The year was 1983, and I was on a bus with a group of U.S. peacemakers, bumping over a rutted road from the tiny, isolated village of Jalapa, Nicaragua, toward Managua. Bursts of mortar fire erupted from the trees. A young mother riding with us held up her infant son. “Take him,” she pleaded in Spanish as tears streamed down her cheeks. “Take him to a place where there is no war.”
Nicaragua was my Vietnam. I was too young by a few years to really understand the conflict tearing apart Southeast Asia. In junior high school—to my embarrassment now—I wrote a paper titled “Stopping Communist Aggression in Vietnam,” well researched from several issues of The Reader’s Digest. After stunning failure there, the U.S. government turned its attention to Central America as the place to draw its line in the sand.
Nicaragua is where I learned about slippery words. Then-president Ronald Reagan infamously called the U.S.-backed contra forces that were pillaging, kidnapping, raping, and massacring Nicaraguans “the moral equivalent of [our] Founding Fathers.” He oiled his slick propaganda machine with lies, portraying Nicaragua as a “totalitarian dungeon” and the U.S. as the world’s purveyor and protector of democracy.
But the Buddhist monk quoted by Dr. King had it right. Our image in the rest of the world is not one of freedom and democracy, but of violence and militarism. When the Twin Towers in New York fell, many people asked aloud, “Why do they hate us?” We should wonder how the world can bear to tolerate us, exploiting labor across the globe and exporting war to every corner to back up our theft of precious resources. “The Americans,” said the monk prophetically, “are forcing even their friends into becoming their enemies.”
In the years since Vietnam, new wars have erupted and new lines have been drawn—in the desert sands of Iraq and Afghanistan, in Colombia and Kosovo, in Pakistan and Palestine, in Honduras, Libya, Ukraine, Rwanda, Somalia, Sudan, and Syria, in the streets of our own cities, and in more places than there is room to mention. I think back to that young Nicaraguan mother and wonder, where is that place where there is no war?
Dr. King saw the Vietnam conflict as a “horrible, clumsy, and deadly game we have decided to play.” Decades later we are still orchestrating this shell game, hoping the onlookers and pawns don’t catch our sleight of hand. Trying to convince ourselves of our own goodwill and exceptionalism.

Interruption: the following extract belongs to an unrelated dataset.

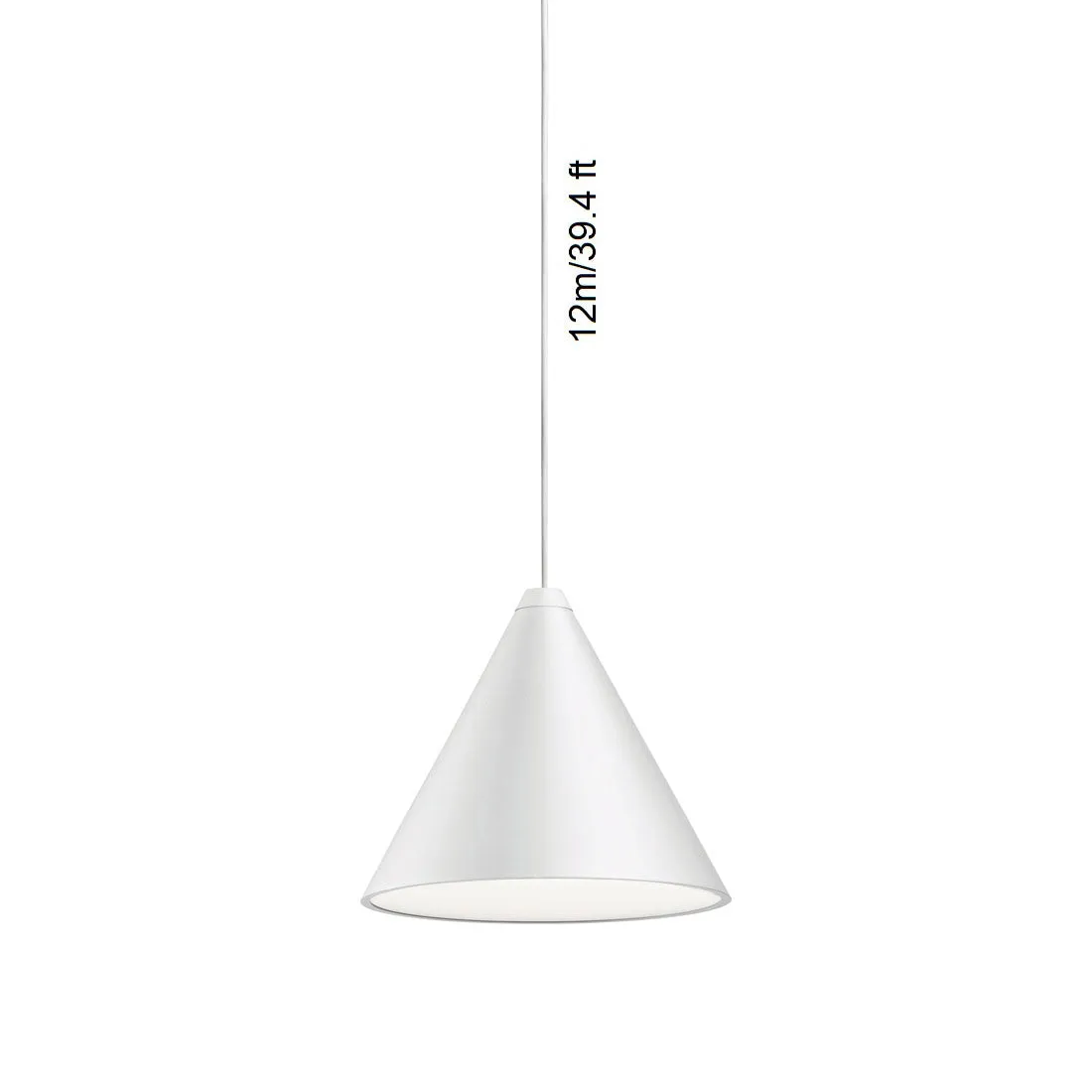 String Light Cone Pendant Light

But Lent exposes what is true and invites us to see how this deadly game has permeated not only the corners of the globe but also the recesses of our hearts. Dr. King called for us as a nation to “atone for our sins and errors.” As individuals we are also beckoned this season to expunge the violence that has taken root in our attitudes and our relationships, as surely as in our foreign policy. To put away the daggers and swords that masquerade as olive leaves.
The journey begins with facing our fears, opening ourselves to be channels of reconciliation, and praying for the courage to follow where faith leads. In a world where words smoother than butter and softer than oil mask reality, we claim once again the power of the Word Made Flesh. Bringing truth. Protecting the vulnerable and provoking the powerful. Dying and rising again. Banishing every false word and violent act. Leading the way to peace.